Glissez le disque dans votre platine et appuyez sur
« play »…Fermez les yeux, ne pensez plus à rien et laissez vous
bercer par le chant cristallin d’une sirène. Elle senomme Vanessa
Da Mata, originaire du Mato Grosso au Brésil, son enfance a baigné dans un
bouillon musical alliant les saveurs d’un Luiz Gonzaga et d’un Tom Jobim, d’un
Milton Nascimiento et d’un Orlando Silva. Son oncle aventurier l’a initié aux
sonorités plus régionales (comme le Carimbò) issues de disques rapportés de ses
voyages en Amazonie, tandis que la bande AM de son poste radio lui faisait
découvrir les musiques étrangères. Née en 1976 et de formation autodidacte, la
carrière artistique de Vanessa Da Mata débute à Sao Paulo dans un groupe de
reggae féminin, puis en 1997 elle compose, avec un certain Chico César, le
titre prémonitoire « A Força Que Nunca Seca » qui sera enregistré par
l’immense Maria Bethania. Le Brésil découvre alors une grande compositrice et
le succès de ses deux premiers albums projettera sa voix et sa beauté
rayonnante sur les devants de la scène.
« Sim »
(oui en français) est donc son troisième opus, enregistré entre la Jamaïque et le Brésil, Discograph a lancé sa sortie française
le 16 Juin dernier (merci, merci, merci…). « Sim » est défini come
« une réponse positive à la vie, une réponse de lutte », un hommage
vibrant à l’existence vécue au quotidien ; on y compte la participation de
Ben Harper sur le titre grandiose
« Boa Sort/Good Luck » qui
a été écouté plus de 5 millions de fois sur Youtube, de Joao Donato, Wilson Das Neves et de la nouvelle
génération de musiciens brésiliens. La diversité des sonorités présentes dans
l’album est un reflet parfait de la créativité musicale de la MPB (Musica Popular
Brasileira) : rythmes pop, samba, reggae et rythmes régionaux issus des
traditions musicales brésiliennes…
Ce n’est pas un disque à chroniquer mais à vivre ! Une
véritable émotion dès la première écoute, une pépite…
Urbanus – Stefon Harris & Blackout (Concord
Jazz/Universal Music Jazz France)
Imprégné des héritages de Lionel Hampton et Roy Ayers, le
jeune vibraphoniste Stefon Harris publie chez Concord Jazz un septième album,
essentiel,intitulé Urbanus. Entouré
pour la seconde fois du groupe Blackout et de ses sonorités urbaines, l'artiste
signe là un opus grandiose, élégant et efficace.

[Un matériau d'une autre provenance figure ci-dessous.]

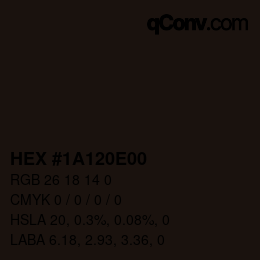 Color code: HEX #1A120E00 | qconv.com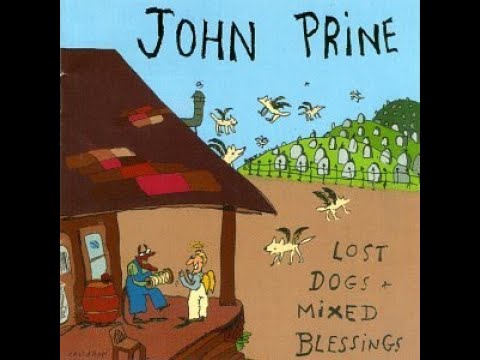 Day Is Done~John Prine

Accessible par son groove et
le sens mélodique indéniable de ses compositeurs, ce vrai projet d'équipe
rappelle les aventures de Philadelphia Experiment (avec ?uestlove) ou encore le
Hard Groove (de Roy Hargrove) où les influences R&B, Soul, Hip-Hop, Funk,
Pop et Jazz fusionnent pour célébrer une musique de partage, moderne, riche,
novatrice et pleine d'émotions. La prestation exceptionnelle du saxophoniste
alto Casay Benjamin, ici au Vocodeur, accompagne l'auditeur dans ces moments
rares d'extase où tout s'accorde, les merveilleuses ballades Christina ou For
You convaincront les amateurs...Une nappe enivrante dressée par les pianos de
Marc Cary, une rythmique solide et légère à la fois emmenée par le bassiste Ben
Williams et le batteur Terreon Gully puis le jeu virtuose et classieux de
Stefon Harris font d'Urbanus un disque indispensable, le genre d'objet dont on
ne se lasse pas d'écouter tant la générosité du frontman offre l'opportunité à
Blackout d'exposer son savoir-faire...Un pur bonheur.